Cyclotouristes et vacanciers s'y arrêtent maintenant pour voir la statue du dernier coureur à avoir réalisé, en 1998, le doublé Tour d'Italie-Tour de France la même année. Un doublé que pourchasse Tadej Pogacar après son succès sur le Giro en mai dernier.
Bientôt, une fois les inévitables méandres de l'administration italienne aplanis, la place sera rebaptisée Piazza Marco Pantani, assure Matteo Gozzoli. Comme beaucoup à Cesenatico, le jeune maire de la station balnéaire de 26'000 habitants qui voit sa population quadrupler chaque été, se souvient de «la plus grande fête organisée dans l'histoire récente de la ville» pour le retour de Pantani après sa victoire dans le Tour de France 1998.

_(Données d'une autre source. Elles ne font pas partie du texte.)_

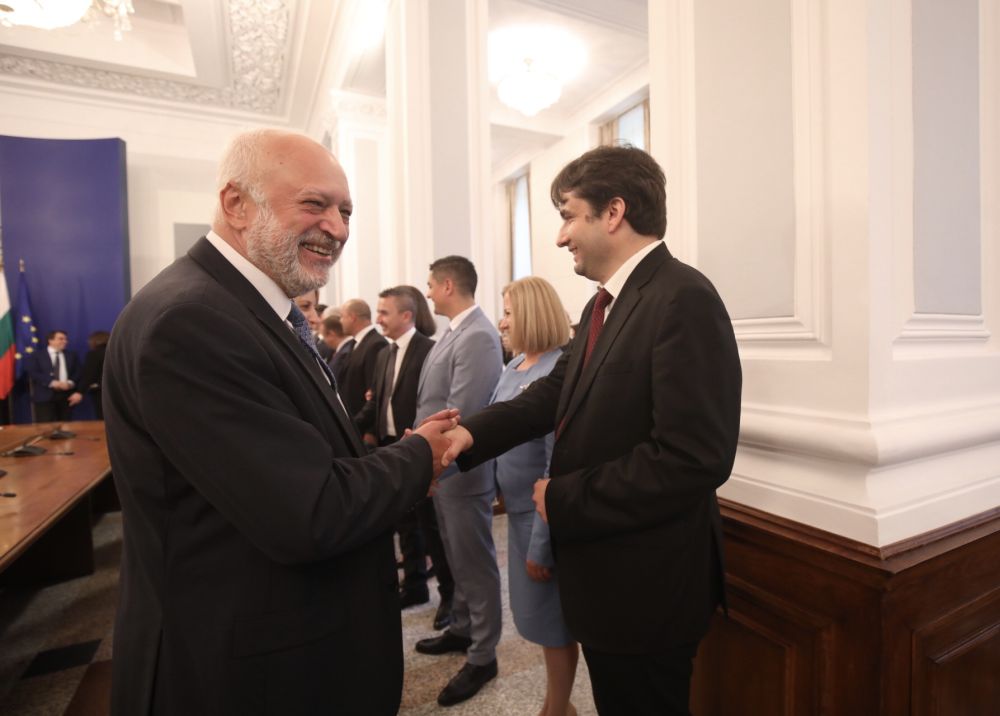 Кабинетът "Петков" предаде властта на служебния кабинет "Донев"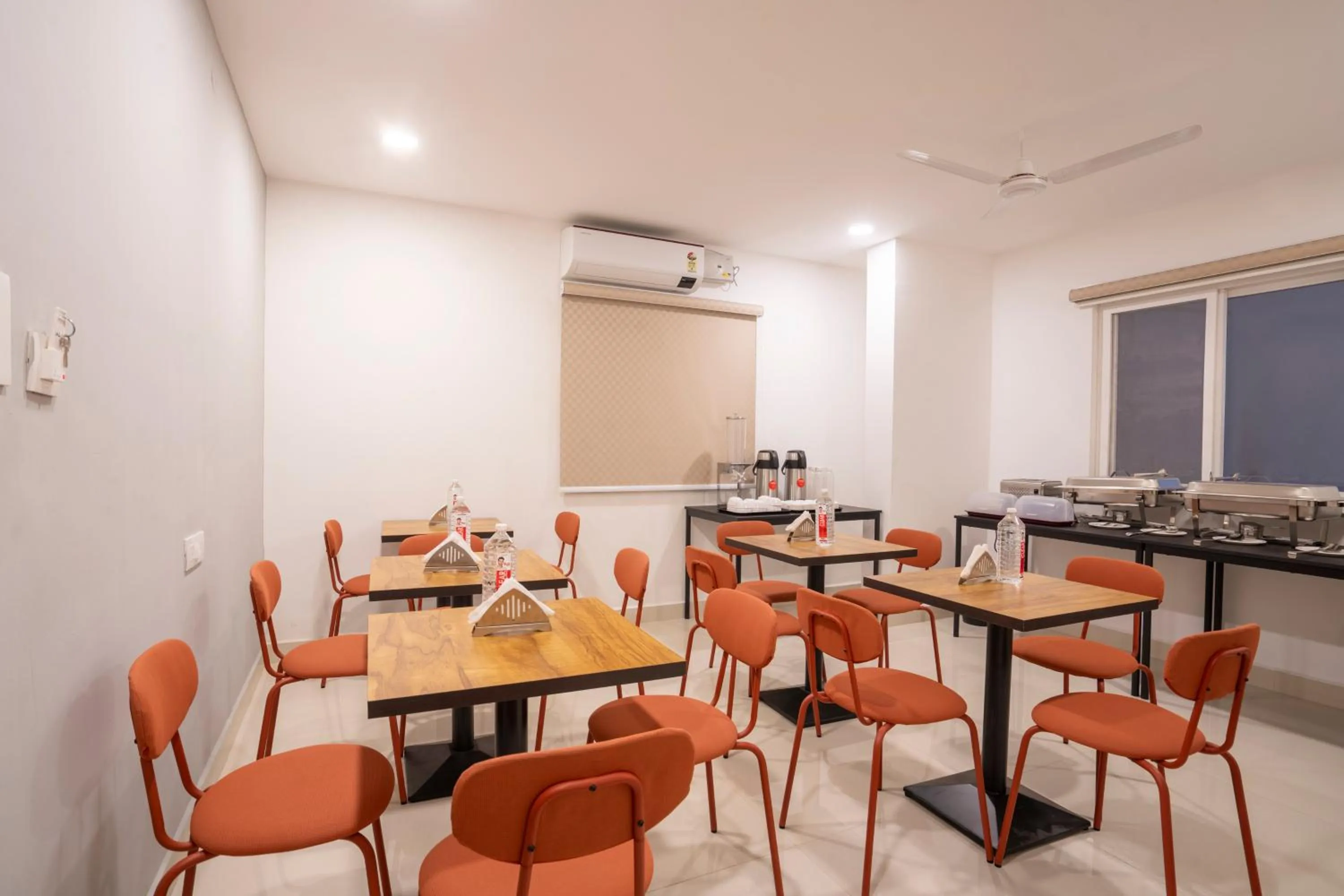 Dining area in Treebo De Alphabet Gachibowli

Le maire qui a pratiqué, jeune, le cyclisme en compétition, n'a pas oublié non plus comment il a appris sa mort. Le 14 février 2004, Pantani était tué par un cocktail d'antidépresseurs et de cocaïne dans une résidence hôtelière de Rimini. «C'est un peu comme les attentats du 11 septembre, tout le monde se souvient où il était.»
«Comme un dieu»
«Marco reste quelqu'un d'important pour la ville et ses habitants: le lien affectif est fort avec l'homme plus encore qu'avec le sportif. Il a toujours vécu ici, chacun a son souvenir de lui», résume l'édile qui, entre ses 10 et 13 ans, a rencontré plusieurs fois «celui qui était un peu considéré comme un dieu».
«Et, complète-t-il, il y a aussi un +tourisme Pantani+, de mars à novembre, avec des cyclotouristes, des vacanciers du monde entier qui viennent voir sa tombe et le musée». Si son accès n'est pas flêché dans le cimetière de Cesenatico, le caveau de la famille Pantani est facile à repérer grâce à son architecture, une spirale, pour rappeler les exploits en montagne du «Pirate», qui file jusqu'à une croix formée à partir d'une jante de vélo.
L'autre lieu de passage obligé des dévots est le musée Pantani. Ouvert en 2005 il attire chaque année 12'000 visiteurs, détaille sa directrice, Serena Boschetti qui est aussi la nièce de Pantani.
«Ce qui nous étonne nous aussi, c'est de voir parmi les visiteurs des enfants, des jeunes qui n'étaient pas nés quand Marco courait. Il fascine encore par ses victoires, son style offensif, son look de pirate, avec son bandana et ses boucles d'oreille, mais aussi par son parcours: il a eu tant de blessures et de galères, mais il a toujours réussi à repartir», résume-t-elle.
L'enfer de Tonina
Ce parcours raconté par ses vélos, ses maillots, ses trophées a bien failli prendre fin en 1995 comme en témoigne l'imposante broche, présentée dans une vitrine, que les chirurgiens lui ont posé à la jambe gauche après une collision avec un chauffard lors de Milan-Turin.
Et il y a bien sûr le 5 juin 1999. Au lendemain d'une victoire «pantanesque» à Madonna di Campiglio, il est exclu du Tour d'Italie qu'il survole, à deux jours de l'arrivée à Milan, à cause de son taux d'hématocrite légèrement supérieur aux 50% tolérés.
Si Serena en veut encore à «un système qui lui a tourné le dos et, dix mois après, a changé les modalités des contrôles antidopage», Tonina, sa grand-mère, vit elle «un enfer». Sa «colère noire» contre les organisateurs du Giro, contre les instances du cyclisme, contre la justice aussi qui n'a pas fait la lumière selon elle sur les circonstances de la mort de son fils, est son quotidien depuis plus de vingt ans.
Si «parler de Marco (lui) fait du bien», le passage du Tour de France à Cesenatico n'adoucit pas sa peine et ravive même son envie de régler publiquement des comptes: «Cela aurait été une fête si Marco était vivant. Soit je pars pour ne rien voir, soit je reste et je ne me tairai pas», prévient Tonina.